As for efficient hole tracking in the mapping tree, I suspect that
we should be looking at using exceptional entries in the mapping
tree for holes, not inserting mulitple references to the zero folio.
i.e. the important information for data storage optimisation is that
the region covers a hole, not that it contains zeros.

The xarray is very much optimised for storing power-of-two sized &
aligned objects.  It makes no sense to try to track extents using the
mapping tree.  Now, if we abandon the radix tree for the maple tree, we
could talk about storing zero extents in the same data structure.
But that's a big change with potentially significant downsides.
It's something I want to play with, but I'm a little busy right now.

For buffered reads, all that is required when such an exceptional
entry is returned is a memset of the user buffer.

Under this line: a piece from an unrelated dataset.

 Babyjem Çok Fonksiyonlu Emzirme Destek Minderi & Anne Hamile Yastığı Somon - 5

For buffered
writes, we simply treat it like a normal folio allocating write and
replace the exceptional entry with the allocated (and zeroed) folio.

... and unmap the zero page from any mappings.

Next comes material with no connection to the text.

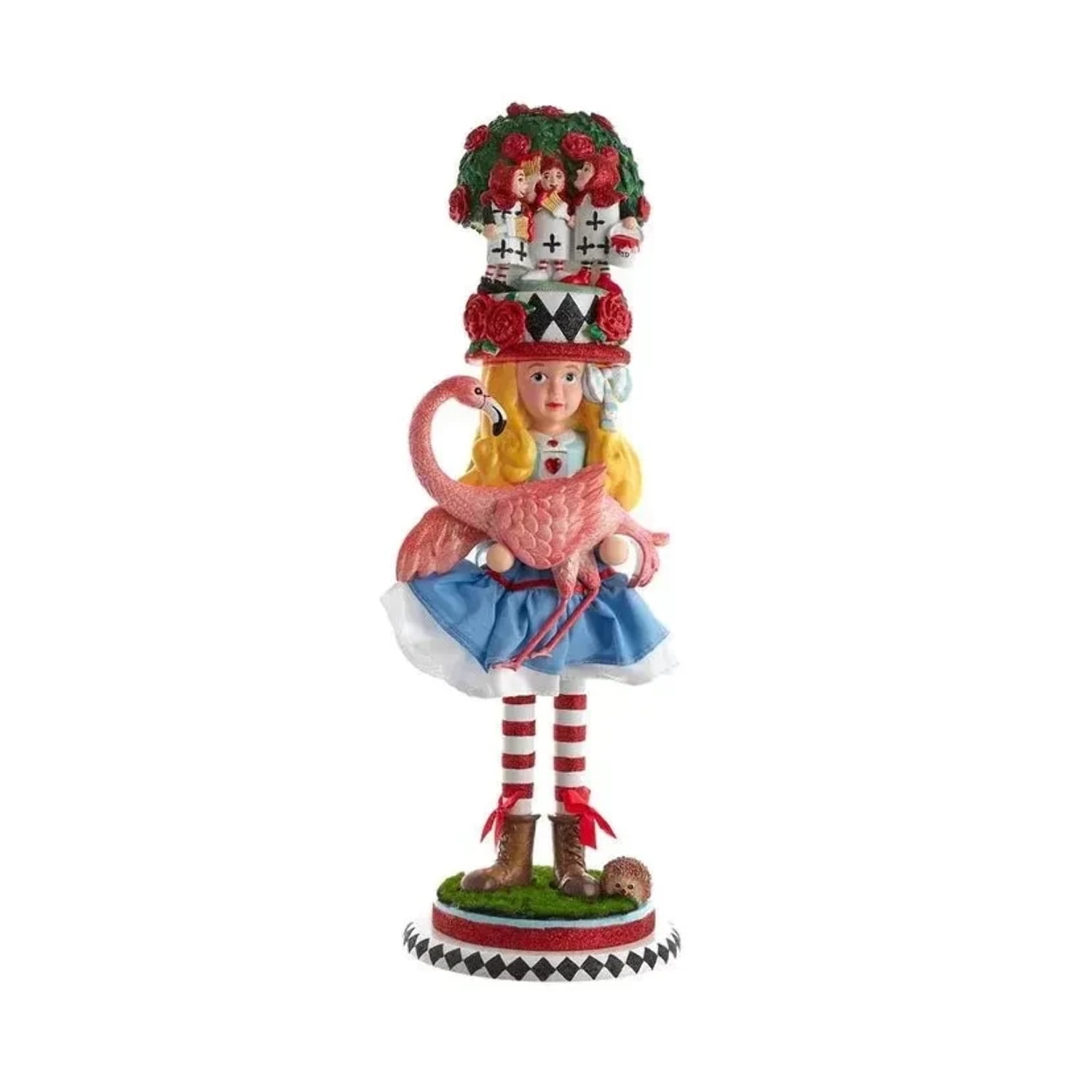 19-Inch Multicolored Hollywood Alice Nutcracker with Pink Flamingo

For read page faults, the zero page gets mapped (and maybe
accounted) via the vma rather than the mapping tree entry. For write
faults, a folio gets allocated and the exception entry replaced
before we call into ->page_mkwrite().

Invalidation simply removes the exceptional entries.

... and unmap the zero page from any mappings.

I'll add one detail for future reference; not sure about the priority 
this should have, but it's one of these nasty corner cases that are not 
the obvious to spot when having the shared zeropage in MAP_SHARED mappings:

Currently, only FS-DAX makes use of the shared zeropage in "ordinary 
MAP_SHARED" mappings. It doesn't use it for "holes" but for "logically 
zero" pages, to avoid allocating disk blocks (-> translating to actual 
DAX memory) on read-only access.

There is one issue between gup(FOLL_LONGTERM | FOLL_PIN) and the shared 
zeropage in MAP_SHARED mappings. It so far does not apply to fsdax,
because ... we don't support FOLL_LONGTERM for fsdax at all.

I spelled out part of the issue in fce831c92092 ("mm/memory: cleanly 
support zeropage in vm_insert_page*(), vm_map_pages*() and 
vmf_insert_mixed()").

In general, the problem is that gup(FOLL_LONGTERM | FOLL_PIN) will have 
to decide if it is okay to longterm-pin the shared zeropage in a 
MAP_SHARED mapping (which might just be fine with a R/O file in some 
cases?), and if not, it would have to trigger FAULT_FLAG_UNSHARE similar 
to how we break COW in MAP_PRIVATE mappings (shared zeropage -> 
anonymous folio).

If gup(FOLL_LONGTERM | FOLL_PIN) would just always longterm-pin the 
shared zeropage, and somebody else would end up triggering replacement 
of the shared zeropage in the pagecache (e.g., write() to the file 
offset, write access to the VMA that triggers a write fault etc.), you'd 
get a disconnect between what the GUP user sees and what the pagecache 
actually contains.

The file system fault logic will have to be taught about 
FAULT_FLAG_UNSHARE and handle it accordingly (e.g., allocate fill file 
hole, allocate disk space, allocate an actual folio ...).

Things like memfd_pin_folios() might require similar care -- that one in 
particular should likely never return the shared zeropage.

Likely gup(FOLL_LONGTERM | FOLL_PIN) users like RDMA or VFIO will be 
able to trigger it.

Not using the shared zeropage but instead some "hole" PTE marker could 
avoid this problem. Of course, not allowing for reading the shared 
zeropage there, but maybe that's not strictly required?

--
Cheers,

David / dhildenb